Fellow office workers, please govern yourselves accordingly.

Never miss a post! Sign up here and get a free copy of Your Guide to Calling It Quits.

  • Awesome!

    I’m lucky–I’m totally unimportant at work. I’m never consulted about anything. Yeehaw! 😉

    • Cordelia

      Jealousy!

  • Victoria

    Hi there! I came over from PDitF and have been loitering for a while now.

    Let us know how this goes – do people actually get the message, or do you need to keep telling them to go away?

    Cheers!

    • Cordelia

      Hi Victoria! Thanks for reading! I heart PDitF infinitely, and guest posting there was the first major highlight of my bloggy life.

      I think after a while people will get the message. It’s just a question of how much hammering in it will take. 😛

  • Brilliant. At my job – there’s a constant amount of no need to know information swirling about (about students, other teachers, administrators, students’ crazy families, etc). I find I’m less stressed and happier when I just eat lunch in my room, but I don’t want to be the faculty betch, either.

    In any in event, excellent quit. Now, is there a way to do this with family information?

    Just a thought…

    Xo,
    Bridget

    • Cordelia

      If you figure one out, let me know!

  • Two thoughts…if you are in the U.S. Where unemployment is very high for the 2d or 3d year it may be likely that others lack your skills or self-confidence and are quite terrified to lose a (decent) job. So they gibberish out of fear…
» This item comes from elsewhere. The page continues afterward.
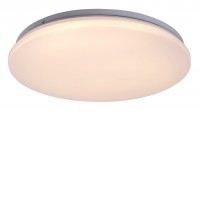 VENDEL Stropní svítidlo, těleso kov, povrch bílá, difuzor plast opál se třpyt. efektem dle typu, LED 12W/18W/24W, teplá 3000K/neutrální 4000K, 230V, IP20, tř.1, rozměry dle typu.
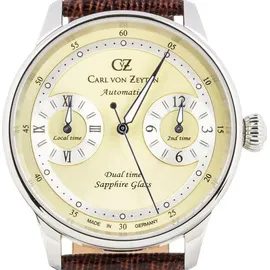 Carl von Zeyten Schönmünzach Automatikuhr Leder 45 mm CVZ0086CRS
    This also makes me damn glad I work alone at home!

    • Cordelia

      I can’t wait till I can say the same!

  • jj

    Just came across your blog. Love your advice. I used to feel the need to respond if I was cc:d on something but now I definitely do not respond unless I should be involved. I’ve also seen countless email strings where the person ends up answering his /her own question. Recently a co-worker initiated this long email conversation for a new project, got people scrambling for answers, before realizing that the project idea was not even do-able. Basically he didn’t do any initial investigation before sending his thoughts out into the world. My best advice for anyone working is to : Sometimes you just got to tune out and/or WAIT; most problems will solve themselves.

    • Cordelia

      My thoughts exactly! I’ve also had the experience that many dilemmas wind up solving themselves if you just give people a little time to work it out themselves. E-mail makes it way too easy for people to just think out loud and share their half-formed thoughts before they’ve really solidified anything.

      Glad you’ve found me, and I hope you stick around!

  • Exactly!

    So many of my “no need to know” situations are people trying to rope me into their own “emergencies” that really aren’t emergencies at all:

    “I haven’t got a response to my email yet and they said they’d respond by the end of the day!” O.k., well, it’s 1:00 now, so how about you wait a little before you start panicking?

    “We have clients coming in and someone’s already in the conference room!” O.k., well, that’s for the attorneys using the conference room to figure out. Maybe they’ll be done by the time the new clients come in, but even if they aren’t, it’s not your responsibility to book the room, so who cares?